Although a lesser machine might do, in the long run one ends regretting
the choice. As an example I was recently working on the ep32 CPU a zero
address CPU and found that with Windows 10 64 bit some of the older
software used to generate programs for it would not work right, what
ended working right was when I used VMware virtual CPU running Windows 7
32 bits then everything worked flawlessly. Had my machine been not
capable of running VMware well the issues would not have been resolved.
My FPGA machine uses an I7 at 3.4GHz, 24GB of RAM, and a 512GB SSD drive
for the OS and virtual partitions, it can handle anything I throw at it.
If you can get a stationary machine, do so - it will be much more
cost-effective when you need a powerful system.
Modern FPGA tools should be quite good at using multiple cores. And
they are /very/ good at using memory - get as much as you can afford.

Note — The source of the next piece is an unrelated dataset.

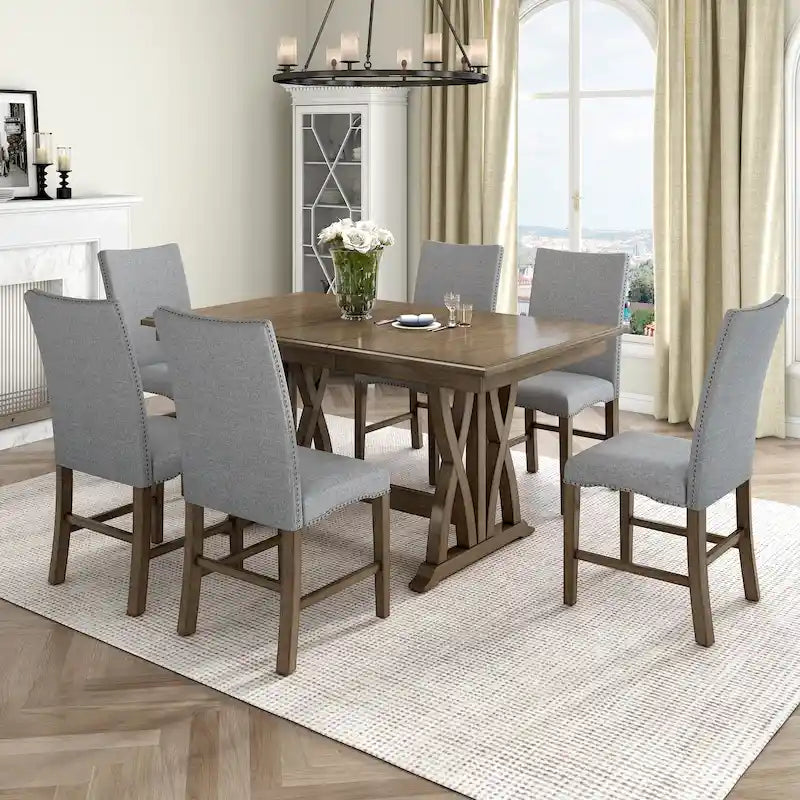 Set da pranzo in legno di 7 pezzi con tavolo allungabile e 6 sedie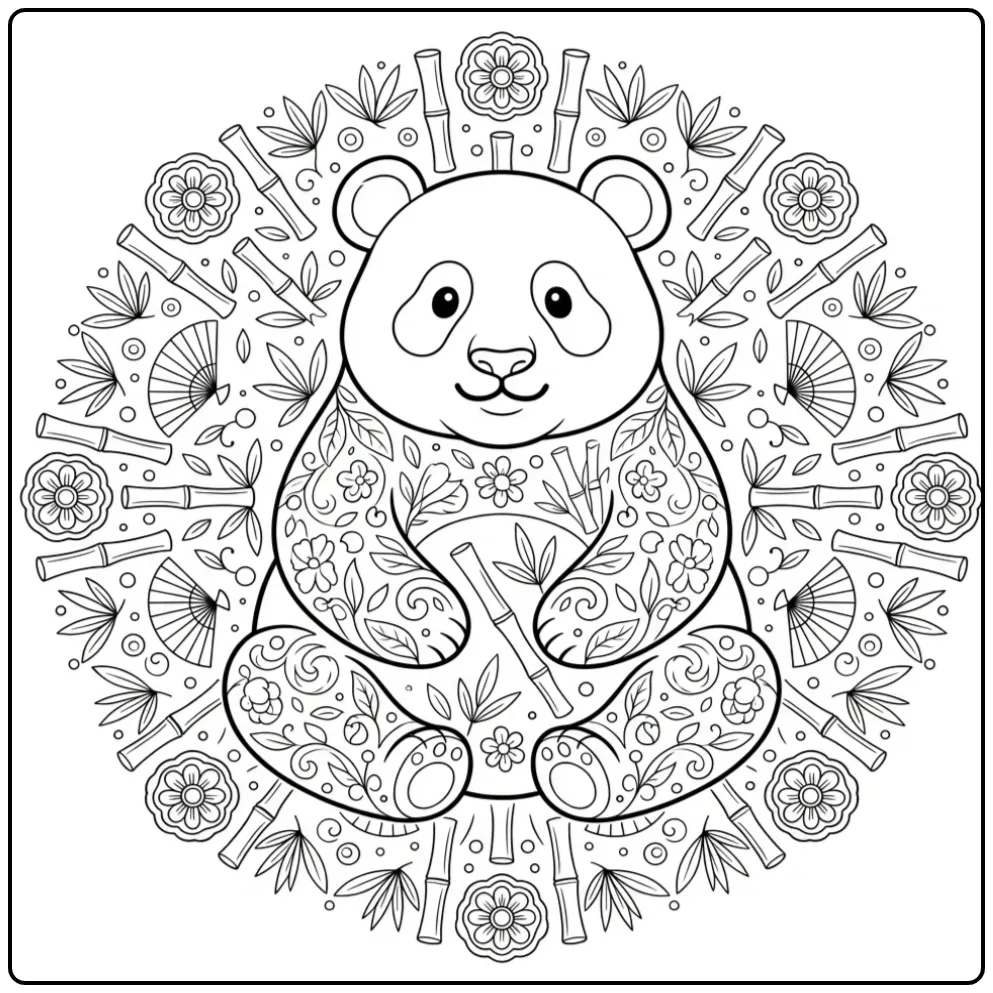 Een gedetailleerde schattige panda kleurplaat in mandala.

Portables are often very limited in their memory - these days I see a
lot of laptops that come with 4, 6 or 8 GB and don't let you upgrade at
all. And laptops all have tiny little screens - even the biggest ones
are tiny. A nice big monitor at 2560x1440 is pretty cheap these days,
and a lot better to work with than a laptop screen.
He is running Ubuntu, so will have different issues (some things will be
easier, some things harder). But having plenty of memory for running
virtual machines is definitely a good idea (though I'd recommend
VirtualBox over VMware).
Don't bother with the SSD unless you have more money left over, or need
to boot the machine regularly. He is running Linux - with enough memory
(in comparison to file sizes), disk speed is of little relevance as the
OS uses memory for cache. If you are getting an SSD, though, make sure
it is at least 200 GB - below that size, most of them are quite poor.
That is the beauty of having options, I used to use VirtualBox myself
but after a bout where VirtualBox removed the licenses to Windows 10 out
of the blue I switched to VMware.
I installed Windows 7 and used up a license, then upgraded it to Windows
10 and all was fine for a while, then on one of the upgrades to
VirtualBox it removed the licenses to Windows 10 and several Partitions
that had Windows Server that I used for school also lost their licenses,
that was it, and away it went.
SSD makes a huge improvement in OS booting, application startup, and
Virtual Partition speed, they are cheap now you can get a 256GB SSD for
$50 when on sale.
Myself I'm pondering about switching to Linux myself, I have 2 PCs
running Mint Linux and I have not had any problems with them in years,
the same cannot be said of Windows.
I have little experience with Windows 10, and none of it using virtual
machines - so I can't help you here.
But you are right about the beauty of choice.
It makes a difference to booting - but I boot my machines perhaps once
every two months, and if it takes 2 minutes instead of 1 minute, I don't
mind. And on Linux, which is hugely more efficient than Windows in the
way it caches files, it might make a slight difference to the first time
you start an application - but not after that.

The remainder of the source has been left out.